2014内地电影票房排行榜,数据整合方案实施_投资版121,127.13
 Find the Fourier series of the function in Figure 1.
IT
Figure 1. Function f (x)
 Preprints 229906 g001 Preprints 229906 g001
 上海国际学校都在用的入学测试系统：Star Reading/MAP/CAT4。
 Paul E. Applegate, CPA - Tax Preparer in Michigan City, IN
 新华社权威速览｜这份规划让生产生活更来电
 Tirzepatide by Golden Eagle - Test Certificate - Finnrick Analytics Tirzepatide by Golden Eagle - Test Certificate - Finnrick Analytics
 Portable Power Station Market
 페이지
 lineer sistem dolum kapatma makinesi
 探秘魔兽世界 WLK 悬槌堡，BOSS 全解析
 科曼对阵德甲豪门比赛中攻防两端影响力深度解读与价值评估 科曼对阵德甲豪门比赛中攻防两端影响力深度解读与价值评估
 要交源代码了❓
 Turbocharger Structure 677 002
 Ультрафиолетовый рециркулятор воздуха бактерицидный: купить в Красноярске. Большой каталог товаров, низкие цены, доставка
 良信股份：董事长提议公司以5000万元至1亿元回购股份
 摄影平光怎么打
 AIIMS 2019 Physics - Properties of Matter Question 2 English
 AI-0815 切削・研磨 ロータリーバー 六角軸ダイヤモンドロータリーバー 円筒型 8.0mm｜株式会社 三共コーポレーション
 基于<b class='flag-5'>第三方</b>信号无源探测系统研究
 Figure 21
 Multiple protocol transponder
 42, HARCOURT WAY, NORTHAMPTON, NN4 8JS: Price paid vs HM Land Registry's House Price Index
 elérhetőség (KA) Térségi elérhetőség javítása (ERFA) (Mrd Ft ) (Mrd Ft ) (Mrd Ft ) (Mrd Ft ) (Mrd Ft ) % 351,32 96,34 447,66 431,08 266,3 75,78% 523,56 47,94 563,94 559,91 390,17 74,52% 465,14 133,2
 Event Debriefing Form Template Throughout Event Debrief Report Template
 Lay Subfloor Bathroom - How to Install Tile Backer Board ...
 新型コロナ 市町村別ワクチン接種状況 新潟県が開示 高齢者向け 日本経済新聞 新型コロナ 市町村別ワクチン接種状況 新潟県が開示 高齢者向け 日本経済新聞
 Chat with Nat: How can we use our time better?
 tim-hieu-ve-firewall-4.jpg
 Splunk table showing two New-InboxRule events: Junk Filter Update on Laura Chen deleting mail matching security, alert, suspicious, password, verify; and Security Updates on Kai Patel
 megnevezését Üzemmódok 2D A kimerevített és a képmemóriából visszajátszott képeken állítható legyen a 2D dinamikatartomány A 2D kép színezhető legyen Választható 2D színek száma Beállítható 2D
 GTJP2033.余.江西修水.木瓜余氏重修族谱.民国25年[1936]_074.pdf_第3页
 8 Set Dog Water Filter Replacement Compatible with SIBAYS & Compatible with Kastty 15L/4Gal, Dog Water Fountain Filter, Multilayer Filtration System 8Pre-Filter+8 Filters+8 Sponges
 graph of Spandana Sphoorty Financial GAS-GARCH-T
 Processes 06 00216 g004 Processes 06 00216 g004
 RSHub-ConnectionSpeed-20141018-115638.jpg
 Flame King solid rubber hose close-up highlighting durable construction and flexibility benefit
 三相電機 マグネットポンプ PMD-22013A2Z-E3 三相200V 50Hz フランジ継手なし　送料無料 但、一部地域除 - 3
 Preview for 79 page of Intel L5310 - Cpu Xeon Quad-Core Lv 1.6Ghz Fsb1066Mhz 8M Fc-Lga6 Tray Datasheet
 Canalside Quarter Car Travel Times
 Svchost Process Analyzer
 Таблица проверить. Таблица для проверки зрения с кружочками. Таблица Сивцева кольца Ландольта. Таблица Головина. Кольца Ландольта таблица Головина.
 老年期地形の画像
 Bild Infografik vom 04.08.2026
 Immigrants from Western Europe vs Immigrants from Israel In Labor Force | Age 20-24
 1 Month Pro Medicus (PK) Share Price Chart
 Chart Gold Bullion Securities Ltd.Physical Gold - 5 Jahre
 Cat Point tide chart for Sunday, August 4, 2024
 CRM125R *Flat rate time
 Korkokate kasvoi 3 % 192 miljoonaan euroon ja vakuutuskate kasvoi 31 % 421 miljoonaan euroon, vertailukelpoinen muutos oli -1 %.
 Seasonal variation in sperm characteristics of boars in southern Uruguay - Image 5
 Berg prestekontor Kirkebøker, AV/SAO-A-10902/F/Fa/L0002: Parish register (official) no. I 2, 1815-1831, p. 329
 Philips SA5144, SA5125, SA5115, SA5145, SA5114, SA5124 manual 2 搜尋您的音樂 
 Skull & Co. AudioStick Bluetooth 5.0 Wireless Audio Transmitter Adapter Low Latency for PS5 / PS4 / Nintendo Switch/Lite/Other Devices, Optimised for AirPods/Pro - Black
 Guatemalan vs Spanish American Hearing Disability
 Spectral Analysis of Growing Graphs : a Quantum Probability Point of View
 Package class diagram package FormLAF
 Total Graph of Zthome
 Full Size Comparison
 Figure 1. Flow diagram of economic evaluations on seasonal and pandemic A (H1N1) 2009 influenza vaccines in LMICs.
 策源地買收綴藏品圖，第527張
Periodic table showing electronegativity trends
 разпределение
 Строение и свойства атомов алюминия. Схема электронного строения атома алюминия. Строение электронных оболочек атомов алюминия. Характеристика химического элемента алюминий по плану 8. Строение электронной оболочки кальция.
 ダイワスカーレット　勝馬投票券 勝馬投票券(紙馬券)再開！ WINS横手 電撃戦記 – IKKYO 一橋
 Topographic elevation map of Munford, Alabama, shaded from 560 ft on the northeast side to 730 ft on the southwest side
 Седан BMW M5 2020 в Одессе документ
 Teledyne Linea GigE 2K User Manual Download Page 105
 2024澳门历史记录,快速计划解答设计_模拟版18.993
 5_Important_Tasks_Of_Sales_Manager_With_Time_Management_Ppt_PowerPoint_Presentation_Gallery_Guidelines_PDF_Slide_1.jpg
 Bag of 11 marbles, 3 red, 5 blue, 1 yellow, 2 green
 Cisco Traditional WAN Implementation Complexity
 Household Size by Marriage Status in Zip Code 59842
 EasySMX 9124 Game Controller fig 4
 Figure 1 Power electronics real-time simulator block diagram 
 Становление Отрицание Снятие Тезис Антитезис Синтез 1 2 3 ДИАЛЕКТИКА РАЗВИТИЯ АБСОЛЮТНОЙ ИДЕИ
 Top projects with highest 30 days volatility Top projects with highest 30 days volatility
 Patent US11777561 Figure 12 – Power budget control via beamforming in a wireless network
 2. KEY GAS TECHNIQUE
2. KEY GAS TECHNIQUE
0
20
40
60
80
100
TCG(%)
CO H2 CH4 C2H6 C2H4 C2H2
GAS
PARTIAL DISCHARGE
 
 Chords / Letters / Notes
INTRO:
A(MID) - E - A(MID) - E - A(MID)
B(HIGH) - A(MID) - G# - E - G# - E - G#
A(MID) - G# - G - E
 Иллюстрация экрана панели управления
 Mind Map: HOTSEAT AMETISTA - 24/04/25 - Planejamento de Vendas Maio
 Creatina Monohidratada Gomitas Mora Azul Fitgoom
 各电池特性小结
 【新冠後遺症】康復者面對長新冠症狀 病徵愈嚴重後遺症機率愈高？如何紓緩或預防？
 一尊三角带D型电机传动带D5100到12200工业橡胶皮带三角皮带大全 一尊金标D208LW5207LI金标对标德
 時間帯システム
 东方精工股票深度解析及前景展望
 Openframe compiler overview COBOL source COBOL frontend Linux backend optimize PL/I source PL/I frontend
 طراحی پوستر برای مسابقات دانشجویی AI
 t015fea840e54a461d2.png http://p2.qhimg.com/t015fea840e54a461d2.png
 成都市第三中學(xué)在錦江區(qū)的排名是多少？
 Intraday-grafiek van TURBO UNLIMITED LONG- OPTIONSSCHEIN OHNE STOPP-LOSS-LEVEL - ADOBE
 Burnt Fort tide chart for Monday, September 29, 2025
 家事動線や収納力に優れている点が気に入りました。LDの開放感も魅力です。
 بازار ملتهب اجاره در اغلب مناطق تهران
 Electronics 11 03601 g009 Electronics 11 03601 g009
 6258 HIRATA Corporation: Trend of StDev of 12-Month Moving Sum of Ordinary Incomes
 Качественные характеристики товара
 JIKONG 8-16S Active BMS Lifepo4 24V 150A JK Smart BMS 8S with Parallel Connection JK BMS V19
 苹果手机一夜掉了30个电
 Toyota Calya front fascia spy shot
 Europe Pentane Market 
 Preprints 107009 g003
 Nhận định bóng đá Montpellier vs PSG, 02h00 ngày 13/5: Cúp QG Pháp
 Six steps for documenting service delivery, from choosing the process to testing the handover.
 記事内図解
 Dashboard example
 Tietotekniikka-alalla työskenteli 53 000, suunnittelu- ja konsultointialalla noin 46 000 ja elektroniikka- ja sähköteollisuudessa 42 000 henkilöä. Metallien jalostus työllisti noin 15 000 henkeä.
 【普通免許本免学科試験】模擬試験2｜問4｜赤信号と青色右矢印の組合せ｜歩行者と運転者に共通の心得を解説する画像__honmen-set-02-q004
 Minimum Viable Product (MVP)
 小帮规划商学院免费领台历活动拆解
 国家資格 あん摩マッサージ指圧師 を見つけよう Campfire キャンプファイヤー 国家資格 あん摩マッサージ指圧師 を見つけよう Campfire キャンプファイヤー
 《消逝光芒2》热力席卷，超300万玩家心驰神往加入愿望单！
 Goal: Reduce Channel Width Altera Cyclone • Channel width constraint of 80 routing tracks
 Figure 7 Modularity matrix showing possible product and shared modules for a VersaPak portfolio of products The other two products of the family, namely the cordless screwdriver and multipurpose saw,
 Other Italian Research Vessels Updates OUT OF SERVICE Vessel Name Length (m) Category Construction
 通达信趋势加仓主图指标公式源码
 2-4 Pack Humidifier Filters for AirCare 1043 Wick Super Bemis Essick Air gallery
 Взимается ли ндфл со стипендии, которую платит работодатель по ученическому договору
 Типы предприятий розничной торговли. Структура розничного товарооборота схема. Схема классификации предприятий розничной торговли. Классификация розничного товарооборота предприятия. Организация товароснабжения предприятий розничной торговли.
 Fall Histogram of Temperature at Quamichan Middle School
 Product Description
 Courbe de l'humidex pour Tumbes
____
Required work: Taking the records above, retype every line from the one with "Portable Power Station Market" down to the one with "Flame King solid", exactly and with nothing else.

Problem solution:
 Portable Power Station Market
 페이지
 lineer sistem dolum kapatma makinesi
 探秘魔兽世界 WLK 悬槌堡，BOSS 全解析
 科曼对阵德甲豪门比赛中攻防两端影响力深度解读与价值评估 科曼对阵德甲豪门比赛中攻防两端影响力深度解读与价值评估
 要交源代码了❓
 Turbocharger Structure 677 002
 Ультрафиолетовый рециркулятор воздуха бактерицидный: купить в Красноярске. Большой каталог товаров, низкие цены, доставка
 良信股份：董事长提议公司以5000万元至1亿元回购股份
 摄影平光怎么打
 AIIMS 2019 Physics - Properties of Matter Question 2 English
 AI-0815 切削・研磨 ロータリーバー 六角軸ダイヤモンドロータリーバー 円筒型 8.0mm｜株式会社 三共コーポレーション
 基于<b class='flag-5'>第三方</b>信号无源探测系统研究
 Figure 21
 Multiple protocol transponder
 42, HARCOURT WAY, NORTHAMPTON, NN4 8JS: Price paid vs HM Land Registry's House Price Index
 elérhetőség (KA) Térségi elérhetőség javítása (ERFA) (Mrd Ft ) (Mrd Ft ) (Mrd Ft ) (Mrd Ft ) (Mrd Ft ) % 351,32 96,34 447,66 431,08 266,3 75,78% 523,56 47,94 563,94 559,91 390,17 74,52% 465,14 133,2
 Event Debriefing Form Template Throughout Event Debrief Report Template
 Lay Subfloor Bathroom - How to Install Tile Backer Board ...
 新型コロナ 市町村別ワクチン接種状況 新潟県が開示 高齢者向け 日本経済新聞 新型コロナ 市町村別ワクチン接種状況 新潟県が開示 高齢者向け 日本経済新聞
 Chat with Nat: How can we use our time better?
 tim-hieu-ve-firewall-4.jpg
 Splunk table showing two New-InboxRule events: Junk Filter Update on Laura Chen deleting mail matching security, alert, suspicious, password, verify; and Security Updates on Kai Patel
 megnevezését Üzemmódok 2D A kimerevített és a képmemóriából visszajátszott képeken állítható legyen a 2D dinamikatartomány A 2D kép színezhető legyen Választható 2D színek száma Beállítható 2D
 GTJP2033.余.江西修水.木瓜余氏重修族谱.民国25年[1936]_074.pdf_第3页
 8 Set Dog Water Filter Replacement Compatible with SIBAYS & Compatible with Kastty 15L/4Gal, Dog Water Fountain Filter, Multilayer Filtration System 8Pre-Filter+8 Filters+8 Sponges
 graph of Spandana Sphoorty Financial GAS-GARCH-T
 Processes 06 00216 g004 Processes 06 00216 g004
 RSHub-ConnectionSpeed-20141018-115638.jpg
 Flame King solid rubber hose close-up highlighting durable construction and flexibility benefit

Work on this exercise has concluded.